Depois fui para o meu quarto tentar cochilar, mas escutei um barulho vindo da janela. Fui até lá e ele pediu para entrar no meu quarto. Autorizei e ele pulou a janela. Quando entrou, ele falou:

– Você falou alguma coisa de mim para o Finn? Porque ele me ligou agora a pouco perguntando se a gente tinha alguma coisa.

– Eu só falei que, por sua causa, eu parei de levar slushies na cara.

– Como assim? Como foi a conversa de vocês?

Contei tudo o que o Finn me disse e ele só escutou. Depois ele disse:

– O Finn é um babaca. Prefere ficar com a vadia da Quinn Fabray só para não levar slushie do que ficar com a garota que gosta.

– Noah, você acha mesmo minhas roupas tão ruim?

– Parece uma mistura de velha com colegial safada.

Levei ele até meu closet e disse apontando para minhas roupas:

– Não dá para salvar nada daqui?

– Berry, eu não sou gay e nem especialista em moda, mas suas roupas são horríveis. – fiquei com uma cara triste. – Mas por que essa pergunta? Quando falam da sua roupa, você nem liga.
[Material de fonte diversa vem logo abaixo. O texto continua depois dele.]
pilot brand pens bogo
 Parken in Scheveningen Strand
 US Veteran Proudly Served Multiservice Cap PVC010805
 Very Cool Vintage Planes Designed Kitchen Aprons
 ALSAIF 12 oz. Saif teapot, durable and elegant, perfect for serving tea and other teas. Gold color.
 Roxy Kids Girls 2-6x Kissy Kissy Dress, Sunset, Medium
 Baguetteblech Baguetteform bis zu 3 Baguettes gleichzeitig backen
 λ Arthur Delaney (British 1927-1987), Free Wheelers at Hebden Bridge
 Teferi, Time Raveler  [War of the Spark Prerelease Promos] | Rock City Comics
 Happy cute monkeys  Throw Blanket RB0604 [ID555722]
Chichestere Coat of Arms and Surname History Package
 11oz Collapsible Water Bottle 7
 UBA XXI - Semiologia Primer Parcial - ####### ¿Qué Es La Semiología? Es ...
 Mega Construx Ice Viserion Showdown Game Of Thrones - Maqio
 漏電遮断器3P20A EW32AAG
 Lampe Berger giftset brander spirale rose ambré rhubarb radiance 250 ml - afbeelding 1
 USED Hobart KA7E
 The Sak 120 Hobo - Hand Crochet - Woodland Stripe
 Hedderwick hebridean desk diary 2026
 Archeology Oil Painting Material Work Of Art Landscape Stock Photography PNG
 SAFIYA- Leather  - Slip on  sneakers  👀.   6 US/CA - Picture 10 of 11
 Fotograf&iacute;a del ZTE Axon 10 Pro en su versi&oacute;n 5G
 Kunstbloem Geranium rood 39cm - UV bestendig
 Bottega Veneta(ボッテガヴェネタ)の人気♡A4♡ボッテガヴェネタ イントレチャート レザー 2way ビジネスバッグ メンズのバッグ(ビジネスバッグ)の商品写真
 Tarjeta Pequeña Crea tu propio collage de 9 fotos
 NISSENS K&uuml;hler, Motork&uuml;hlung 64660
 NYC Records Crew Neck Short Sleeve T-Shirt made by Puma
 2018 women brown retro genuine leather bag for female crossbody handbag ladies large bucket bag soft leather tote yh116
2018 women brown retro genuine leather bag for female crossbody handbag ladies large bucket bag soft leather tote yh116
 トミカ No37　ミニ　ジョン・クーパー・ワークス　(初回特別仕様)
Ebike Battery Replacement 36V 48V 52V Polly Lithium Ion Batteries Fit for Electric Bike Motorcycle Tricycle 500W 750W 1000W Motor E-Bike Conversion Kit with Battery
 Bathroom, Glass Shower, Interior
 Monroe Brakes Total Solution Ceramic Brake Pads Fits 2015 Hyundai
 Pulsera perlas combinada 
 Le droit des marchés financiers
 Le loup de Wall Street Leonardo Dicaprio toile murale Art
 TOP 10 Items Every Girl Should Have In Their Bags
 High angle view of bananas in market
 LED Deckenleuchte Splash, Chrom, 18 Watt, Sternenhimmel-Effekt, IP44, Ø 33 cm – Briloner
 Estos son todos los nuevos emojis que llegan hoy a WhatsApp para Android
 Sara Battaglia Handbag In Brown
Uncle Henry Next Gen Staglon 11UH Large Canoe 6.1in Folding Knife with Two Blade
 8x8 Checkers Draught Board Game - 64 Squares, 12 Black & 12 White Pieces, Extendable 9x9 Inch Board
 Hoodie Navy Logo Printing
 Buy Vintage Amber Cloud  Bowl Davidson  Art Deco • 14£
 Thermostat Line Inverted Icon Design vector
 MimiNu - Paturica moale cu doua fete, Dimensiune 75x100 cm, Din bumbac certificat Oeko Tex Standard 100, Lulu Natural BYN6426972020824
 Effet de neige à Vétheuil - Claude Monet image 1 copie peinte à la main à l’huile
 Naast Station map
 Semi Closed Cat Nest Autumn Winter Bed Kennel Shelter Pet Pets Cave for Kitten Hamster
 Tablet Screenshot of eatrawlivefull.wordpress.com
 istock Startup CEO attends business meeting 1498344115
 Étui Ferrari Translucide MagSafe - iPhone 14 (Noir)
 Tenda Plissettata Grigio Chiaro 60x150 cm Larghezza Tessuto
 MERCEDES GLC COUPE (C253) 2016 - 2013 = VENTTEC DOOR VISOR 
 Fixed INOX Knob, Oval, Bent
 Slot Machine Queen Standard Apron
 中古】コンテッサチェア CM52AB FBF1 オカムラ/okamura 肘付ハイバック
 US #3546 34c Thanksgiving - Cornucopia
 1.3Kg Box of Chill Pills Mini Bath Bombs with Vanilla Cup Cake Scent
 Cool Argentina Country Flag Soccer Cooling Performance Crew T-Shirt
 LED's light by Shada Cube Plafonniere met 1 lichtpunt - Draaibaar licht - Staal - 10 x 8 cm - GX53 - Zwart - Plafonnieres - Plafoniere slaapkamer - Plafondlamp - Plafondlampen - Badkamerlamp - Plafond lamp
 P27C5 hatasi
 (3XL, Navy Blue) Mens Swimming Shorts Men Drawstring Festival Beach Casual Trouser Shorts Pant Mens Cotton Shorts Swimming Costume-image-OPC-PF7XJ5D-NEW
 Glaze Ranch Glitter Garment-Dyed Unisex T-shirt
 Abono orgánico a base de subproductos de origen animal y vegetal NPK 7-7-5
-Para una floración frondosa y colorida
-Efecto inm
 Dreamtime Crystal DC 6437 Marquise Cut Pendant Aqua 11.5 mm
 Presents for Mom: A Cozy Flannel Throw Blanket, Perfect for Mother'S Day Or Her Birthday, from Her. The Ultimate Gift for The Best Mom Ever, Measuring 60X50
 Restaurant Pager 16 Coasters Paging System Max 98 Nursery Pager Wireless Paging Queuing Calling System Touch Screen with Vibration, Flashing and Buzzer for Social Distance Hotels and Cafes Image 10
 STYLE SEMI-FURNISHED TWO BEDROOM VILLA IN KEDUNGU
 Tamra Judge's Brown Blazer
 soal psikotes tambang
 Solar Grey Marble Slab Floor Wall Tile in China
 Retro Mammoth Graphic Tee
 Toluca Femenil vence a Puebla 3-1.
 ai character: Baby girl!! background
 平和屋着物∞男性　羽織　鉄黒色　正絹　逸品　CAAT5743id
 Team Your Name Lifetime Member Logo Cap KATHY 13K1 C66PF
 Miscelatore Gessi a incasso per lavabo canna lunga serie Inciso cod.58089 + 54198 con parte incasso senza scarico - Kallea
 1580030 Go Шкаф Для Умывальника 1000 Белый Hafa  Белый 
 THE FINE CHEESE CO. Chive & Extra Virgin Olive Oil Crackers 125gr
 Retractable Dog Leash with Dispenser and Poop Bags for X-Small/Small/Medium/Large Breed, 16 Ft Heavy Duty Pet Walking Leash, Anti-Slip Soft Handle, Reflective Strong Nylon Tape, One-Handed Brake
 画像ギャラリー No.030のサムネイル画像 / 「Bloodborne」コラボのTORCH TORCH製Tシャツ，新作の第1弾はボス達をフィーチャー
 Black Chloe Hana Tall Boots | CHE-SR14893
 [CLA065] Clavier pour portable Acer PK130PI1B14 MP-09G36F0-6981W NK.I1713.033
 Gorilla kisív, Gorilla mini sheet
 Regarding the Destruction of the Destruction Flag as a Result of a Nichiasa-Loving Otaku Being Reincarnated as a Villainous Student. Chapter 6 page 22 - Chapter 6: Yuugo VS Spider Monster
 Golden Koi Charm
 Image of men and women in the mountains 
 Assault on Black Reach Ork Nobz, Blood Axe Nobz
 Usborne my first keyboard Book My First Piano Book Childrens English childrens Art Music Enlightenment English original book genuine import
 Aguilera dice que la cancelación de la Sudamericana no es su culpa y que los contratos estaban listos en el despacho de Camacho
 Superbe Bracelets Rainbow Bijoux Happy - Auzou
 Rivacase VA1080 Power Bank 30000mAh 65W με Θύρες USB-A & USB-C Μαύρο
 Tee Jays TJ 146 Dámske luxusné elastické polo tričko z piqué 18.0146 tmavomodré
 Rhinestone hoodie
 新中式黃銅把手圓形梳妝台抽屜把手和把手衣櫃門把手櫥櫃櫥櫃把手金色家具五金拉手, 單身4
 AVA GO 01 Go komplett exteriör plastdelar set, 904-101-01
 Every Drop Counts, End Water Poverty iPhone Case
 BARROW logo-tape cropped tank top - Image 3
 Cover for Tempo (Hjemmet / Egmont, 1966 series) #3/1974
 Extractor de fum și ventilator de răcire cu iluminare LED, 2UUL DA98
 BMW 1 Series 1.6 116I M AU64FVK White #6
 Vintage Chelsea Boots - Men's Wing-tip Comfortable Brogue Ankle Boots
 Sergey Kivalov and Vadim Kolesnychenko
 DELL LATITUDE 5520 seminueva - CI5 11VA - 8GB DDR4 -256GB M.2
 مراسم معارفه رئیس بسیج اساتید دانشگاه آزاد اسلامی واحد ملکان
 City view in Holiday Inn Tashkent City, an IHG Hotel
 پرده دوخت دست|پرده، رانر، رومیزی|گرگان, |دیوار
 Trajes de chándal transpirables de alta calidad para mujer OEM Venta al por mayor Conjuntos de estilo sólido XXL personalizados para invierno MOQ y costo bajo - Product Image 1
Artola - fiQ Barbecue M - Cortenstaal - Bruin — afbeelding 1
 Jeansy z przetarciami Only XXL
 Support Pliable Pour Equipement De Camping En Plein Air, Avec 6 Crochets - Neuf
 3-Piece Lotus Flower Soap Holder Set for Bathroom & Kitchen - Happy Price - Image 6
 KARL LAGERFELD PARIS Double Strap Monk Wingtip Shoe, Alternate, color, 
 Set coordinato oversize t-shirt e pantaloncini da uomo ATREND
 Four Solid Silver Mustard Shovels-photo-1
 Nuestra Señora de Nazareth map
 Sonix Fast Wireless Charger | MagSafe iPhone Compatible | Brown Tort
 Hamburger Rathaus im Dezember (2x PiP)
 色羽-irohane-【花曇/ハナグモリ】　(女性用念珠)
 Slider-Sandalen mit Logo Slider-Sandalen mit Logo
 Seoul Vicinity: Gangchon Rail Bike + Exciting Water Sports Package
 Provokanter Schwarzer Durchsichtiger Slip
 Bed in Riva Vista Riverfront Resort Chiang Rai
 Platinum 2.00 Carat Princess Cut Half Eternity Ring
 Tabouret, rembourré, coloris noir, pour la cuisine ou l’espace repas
– Porque o Finn também disse que minhas roupas são de velha.

– Sério? Você ainda liga para o que esse babaca diz?

– Eu já estava querendo uma mudança no meu armário.

– Você tem cartão de crédito ou dinheiro que você possa gastar com roupas?

– Tenho cartão de crédito, mas não posso passar o limite.

– Vou ter levar ao shopping hoje.

– Não precisa, Noah. Eu já tinha conversado com meus pais sobre isso e eles vão me levar no shopping no fim de semana.

– Quem te leva para comprar roupas?

– Meus pais. – disse confusa.

– Então, você precisa de uma opinião diferente. Agora vamos.